* _PROBLEM DESCRIPTION_
Write the data out again exactly, with no pictures.

* _Short descriptive text snippets_

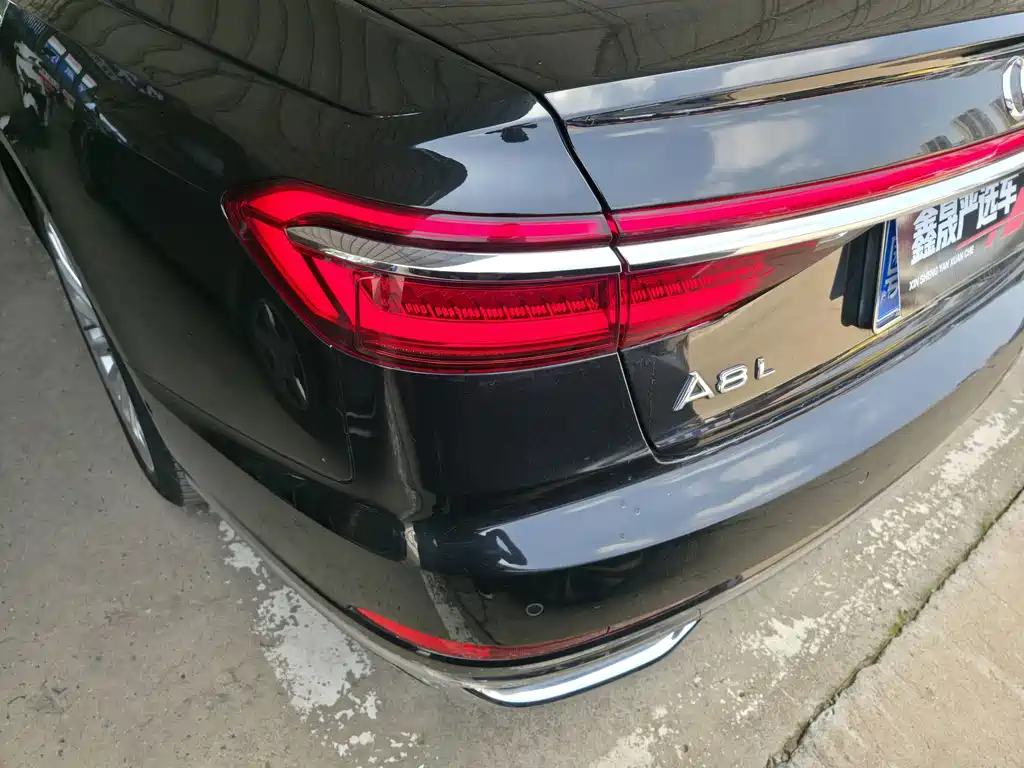 Audi A8 2018 — фото 15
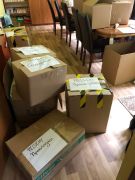 Spakowane zebrane dary obywatelom Ukrainy.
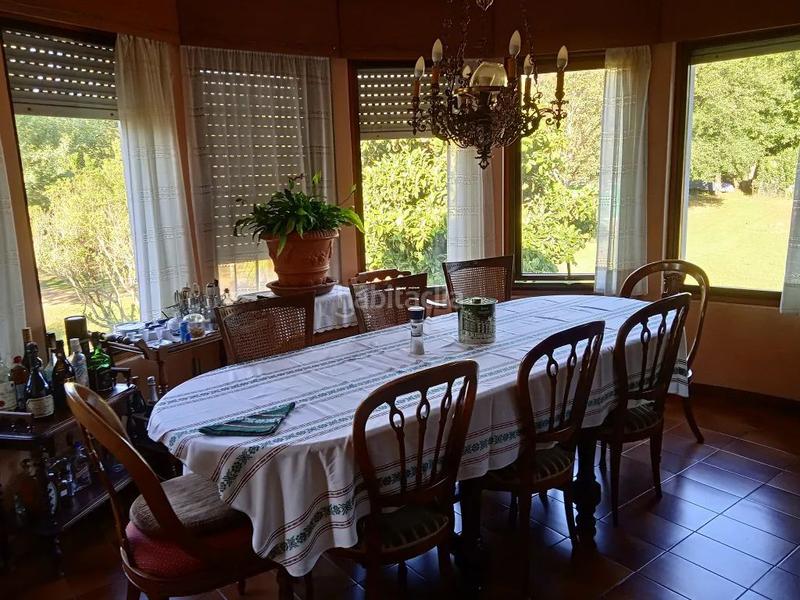 Foto bf9ba647-73b3-4b27-a313-032724a4b9a2. Casa amb calefacció a Bergondo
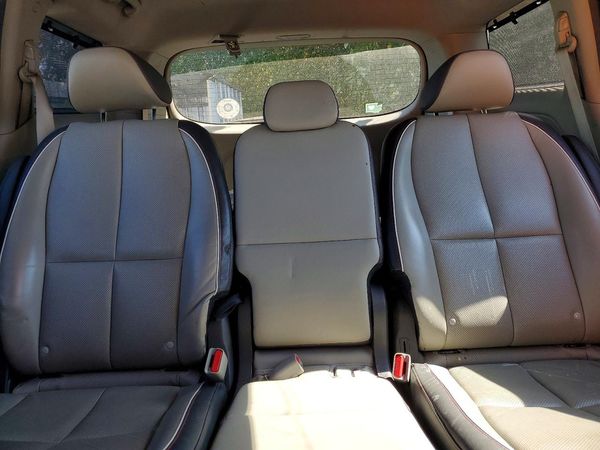 2016 KIA SEDONA EX - Middle level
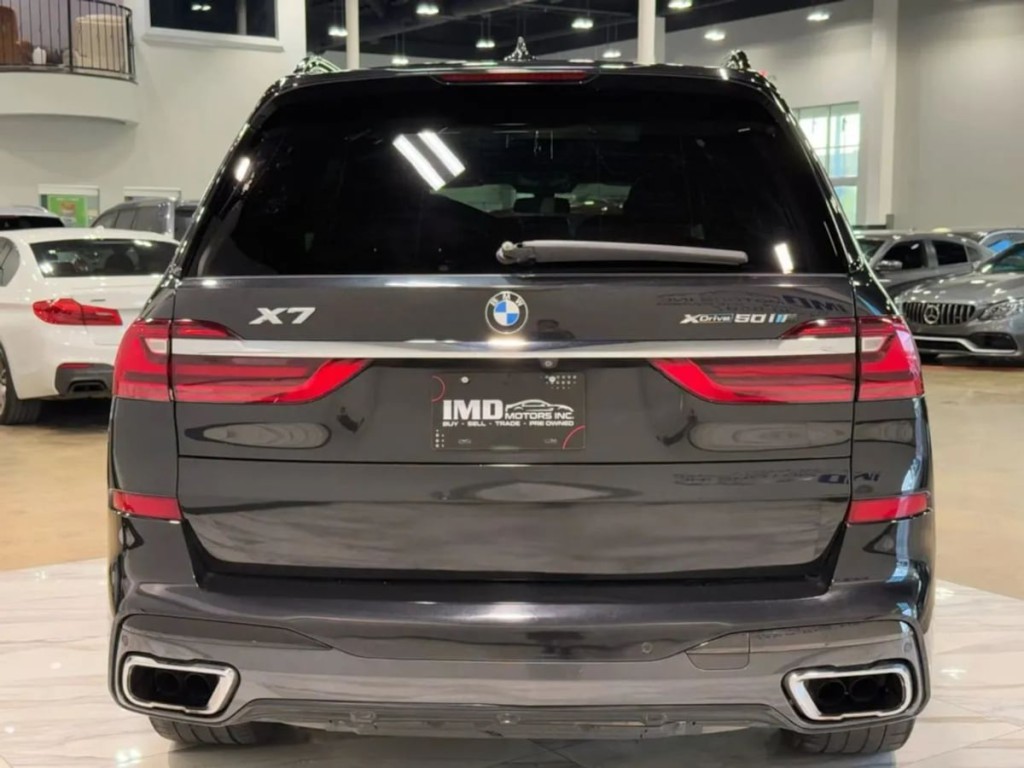 2019 BMW X7 Image 7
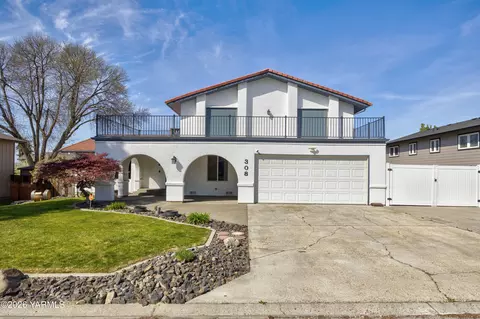 308 Westridge Dr, Grandview, WA 98930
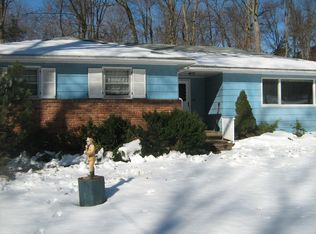 1361 Coriell Dr, Basking Ridge, NJ 07920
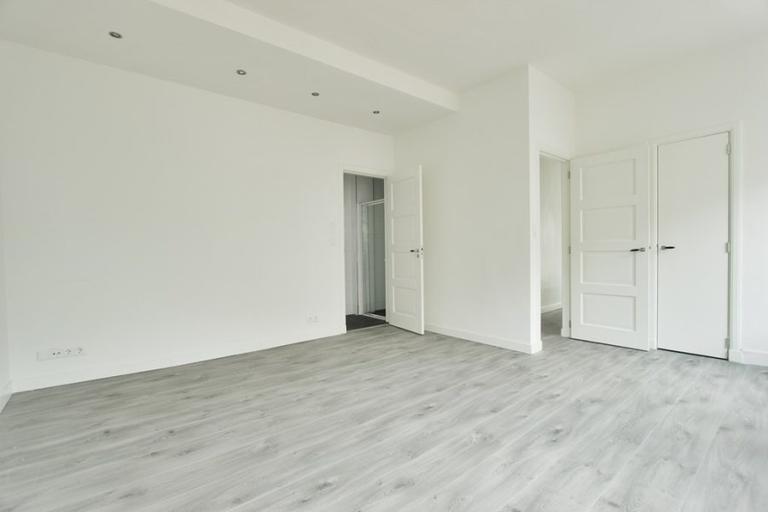 76 m² corner apartment with French balcony - Image 16
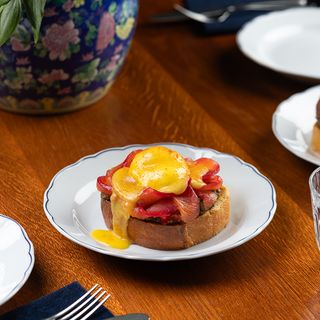 კვერცხი ბენედიქტი ბრიოშზე გამოყვანილი ორაგულით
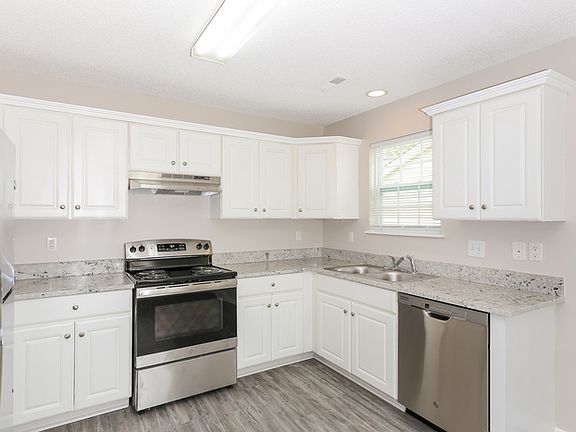 3rd image of 152 Perigon Ct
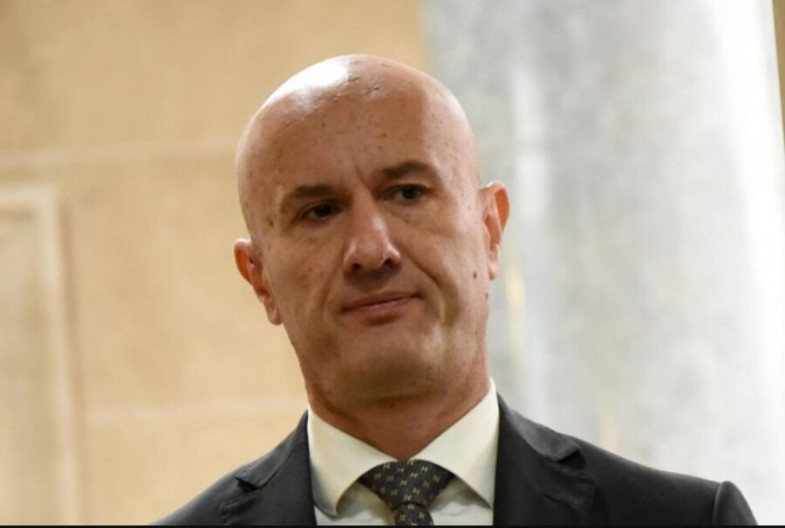 LJULJA MU SE MASKA NA NOSU Poslanik PES-a ima simpatije za kamosjutraške proteste protiv vlasti čiji je dio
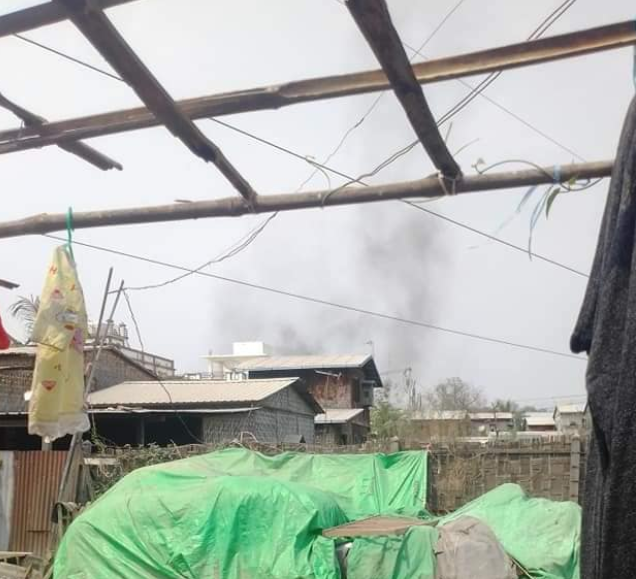 In #AungPinLe, #Mandalay, Terrorists violently shooting, using sound Grenade, and setting fire the barriers.(1:30pm)
FREEDOM OF SPEECH #WhatsHappeningInMyanmar #Mar21Coup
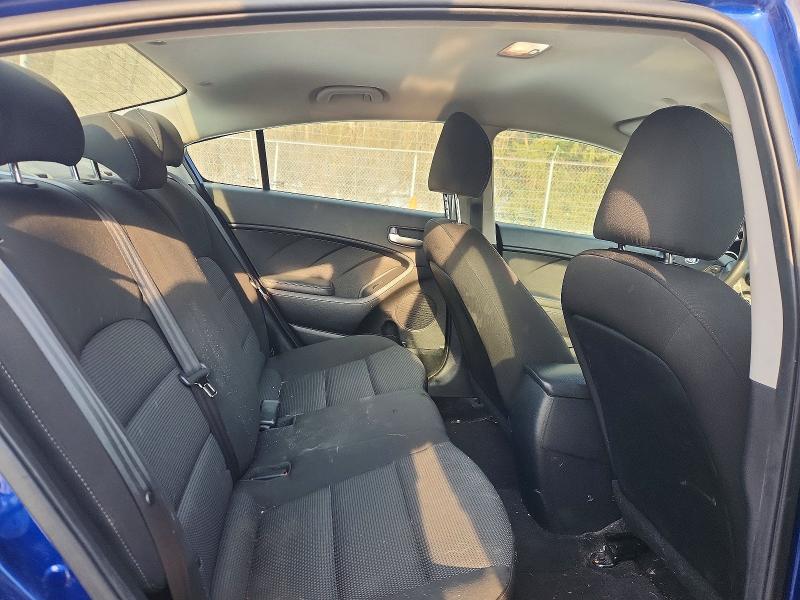 Photo 10 from auction – 2017 KIA FORTE LX with VIN 3KPFK4A72HE122398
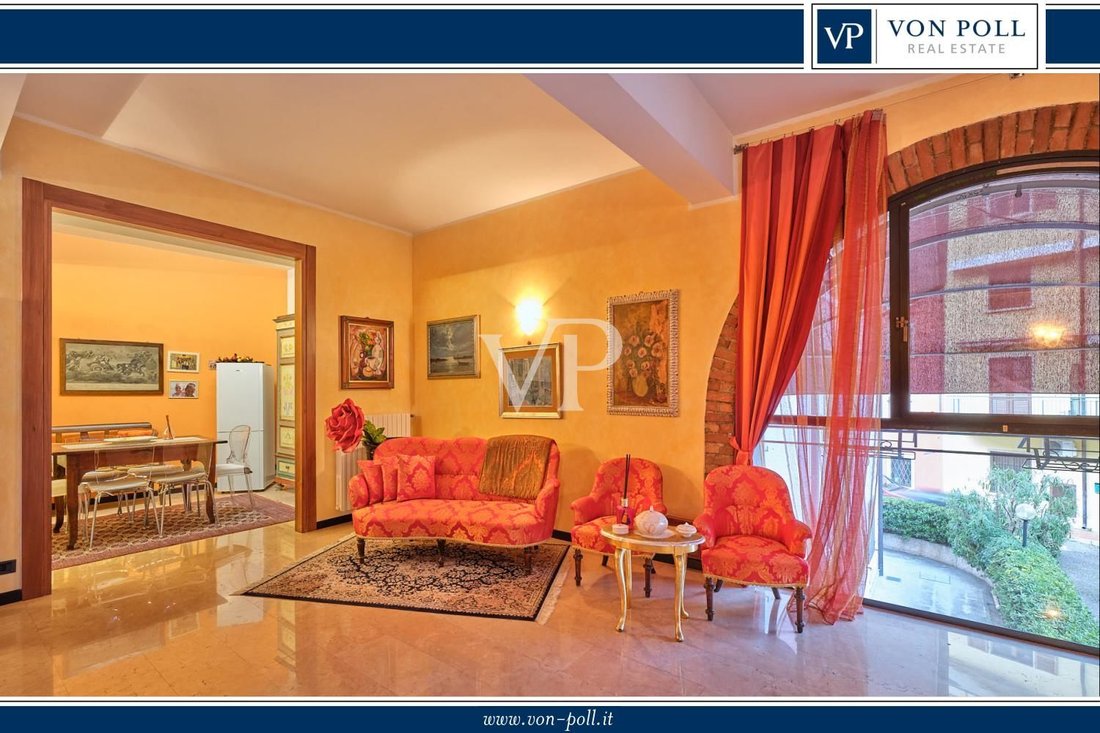 Apartment in Garda, Veneto, Italy 1 - 15559202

* _WRITTEN REPLY_
 Audi A8 2018 — фото 15
 Spakowane zebrane dary obywatelom Ukrainy.
 Foto bf9ba647-73b3-4b27-a313-032724a4b9a2. Casa amb calefacció a Bergondo
 2016 KIA SEDONA EX - Middle level
 2019 BMW X7 Image 7
 308 Westridge Dr, Grandview, WA 98930
 1361 Coriell Dr, Basking Ridge, NJ 07920
 76 m² corner apartment with French balcony - Image 16
 კვერცხი ბენედიქტი ბრიოშზე გამოყვანილი ორაგულით
 3rd image of 152 Perigon Ct
 LJULJA MU SE MASKA NA NOSU Poslanik PES-a ima simpatije za kamosjutraške proteste protiv vlasti čiji je dio
 In #AungPinLe, #Mandalay, Terrorists violently shooting, using sound Grenade, and setting fire the barriers.(1:30pm)
FREEDOM OF SPEECH #WhatsHappeningInMyanmar #Mar21Coup
 Photo 10 from auction – 2017 KIA FORTE LX with VIN 3KPFK4A72HE122398
 Apartment in Garda, Veneto, Italy 1 - 15559202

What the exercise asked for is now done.